Cet ouvrage illustré à vocation autobiographique est la réédition augmentée des conversations avec Dominique Petitfaux de 1991 qui est animé par “le désir d'être utile” à la connaissance de l'artiste et de l'homme.
Ce dernier nous dit qu'il a été libre de mener ses interviews, Hugo Pratt n'imposant que le titre qui ne se comprend que le livre lu.

Ses voyages et ses aventures ont forgé la personnalité originale de Pratt. *
Il dispose également d'une culture livresque riche, qui lui fait dire à la fin de sa vie : “J'habite dans une bibliothèque” et “35 000 livres en font le principal obstacle à mon déménagement.”
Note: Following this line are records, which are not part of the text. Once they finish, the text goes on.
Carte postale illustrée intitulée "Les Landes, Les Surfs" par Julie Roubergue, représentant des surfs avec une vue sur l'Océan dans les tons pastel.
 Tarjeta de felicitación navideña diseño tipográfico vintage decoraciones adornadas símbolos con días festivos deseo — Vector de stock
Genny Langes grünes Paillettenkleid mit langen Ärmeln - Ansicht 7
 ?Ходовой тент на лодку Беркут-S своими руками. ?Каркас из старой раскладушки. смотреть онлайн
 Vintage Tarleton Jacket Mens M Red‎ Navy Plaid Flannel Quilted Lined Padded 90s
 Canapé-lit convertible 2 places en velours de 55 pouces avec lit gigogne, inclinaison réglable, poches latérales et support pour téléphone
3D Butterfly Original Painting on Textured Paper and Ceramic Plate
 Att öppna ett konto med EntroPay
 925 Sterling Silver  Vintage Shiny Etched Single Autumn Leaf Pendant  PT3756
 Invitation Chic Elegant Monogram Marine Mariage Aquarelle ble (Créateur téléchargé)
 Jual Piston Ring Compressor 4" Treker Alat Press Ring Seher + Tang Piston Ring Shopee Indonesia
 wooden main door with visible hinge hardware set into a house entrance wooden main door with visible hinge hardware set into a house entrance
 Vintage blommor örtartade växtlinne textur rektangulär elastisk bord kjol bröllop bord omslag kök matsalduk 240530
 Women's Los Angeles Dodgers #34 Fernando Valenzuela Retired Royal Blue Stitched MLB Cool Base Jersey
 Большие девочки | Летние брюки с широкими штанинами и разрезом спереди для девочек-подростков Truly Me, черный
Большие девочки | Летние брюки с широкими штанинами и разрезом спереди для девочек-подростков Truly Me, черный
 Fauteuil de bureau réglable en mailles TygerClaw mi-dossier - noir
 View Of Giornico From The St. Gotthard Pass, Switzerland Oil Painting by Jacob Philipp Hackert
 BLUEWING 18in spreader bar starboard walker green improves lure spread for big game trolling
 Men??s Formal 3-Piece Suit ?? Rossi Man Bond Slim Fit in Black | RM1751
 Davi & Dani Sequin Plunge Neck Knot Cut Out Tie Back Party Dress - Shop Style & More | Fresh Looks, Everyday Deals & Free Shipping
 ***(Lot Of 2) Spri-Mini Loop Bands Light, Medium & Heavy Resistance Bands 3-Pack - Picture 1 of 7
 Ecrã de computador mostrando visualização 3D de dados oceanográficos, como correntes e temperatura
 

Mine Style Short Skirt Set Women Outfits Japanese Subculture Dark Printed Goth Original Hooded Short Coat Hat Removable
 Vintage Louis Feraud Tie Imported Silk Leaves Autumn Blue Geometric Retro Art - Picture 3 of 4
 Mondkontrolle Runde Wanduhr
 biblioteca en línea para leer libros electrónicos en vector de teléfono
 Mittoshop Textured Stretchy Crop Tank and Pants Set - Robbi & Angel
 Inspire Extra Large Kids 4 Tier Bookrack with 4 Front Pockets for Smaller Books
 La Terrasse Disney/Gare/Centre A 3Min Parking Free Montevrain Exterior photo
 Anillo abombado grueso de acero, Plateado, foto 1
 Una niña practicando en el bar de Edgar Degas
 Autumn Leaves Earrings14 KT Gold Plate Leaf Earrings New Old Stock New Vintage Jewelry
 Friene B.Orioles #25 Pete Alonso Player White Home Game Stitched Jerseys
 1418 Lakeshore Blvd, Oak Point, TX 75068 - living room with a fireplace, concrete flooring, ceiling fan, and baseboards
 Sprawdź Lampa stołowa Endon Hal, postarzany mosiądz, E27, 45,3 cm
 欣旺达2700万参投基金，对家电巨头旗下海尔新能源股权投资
Tout du long du récit de sa vie, nous nous remémorons les personnages qu'il a rencontrés et qu'il nous présente dans ses bandes dessinées.

Les femmes sont omniprésentes : Clara, Erika, Marizka, Leonora, Marie-France, Gucky, Anne, Gisela, Patricia… belles, aventureuses, dangereuses…

S'agissant d'entretiens, j'ai choisi de faire parler Pratt ici (et dans les trois citations) : “Dans ma vie, j'aurais dû mourir trois fois : pour ce que j'ai mangé, pour ce que j'ai bu et pour toutes les femmes que j'ai connues.”
En 1948,"l'époque avait beau être marquée idéologiquement, pour moi les jolies filles passaient avant la politique. J'étais le mercenaire de mes plaisirs.”
“Pour moi, en ce qui concerne les femmes, le désir, le plaisir, il n'y a rien eu de mieux que l'Argentine. Elle a été ma sainte patronne, une grande pute catholique et pleine de sacrements.”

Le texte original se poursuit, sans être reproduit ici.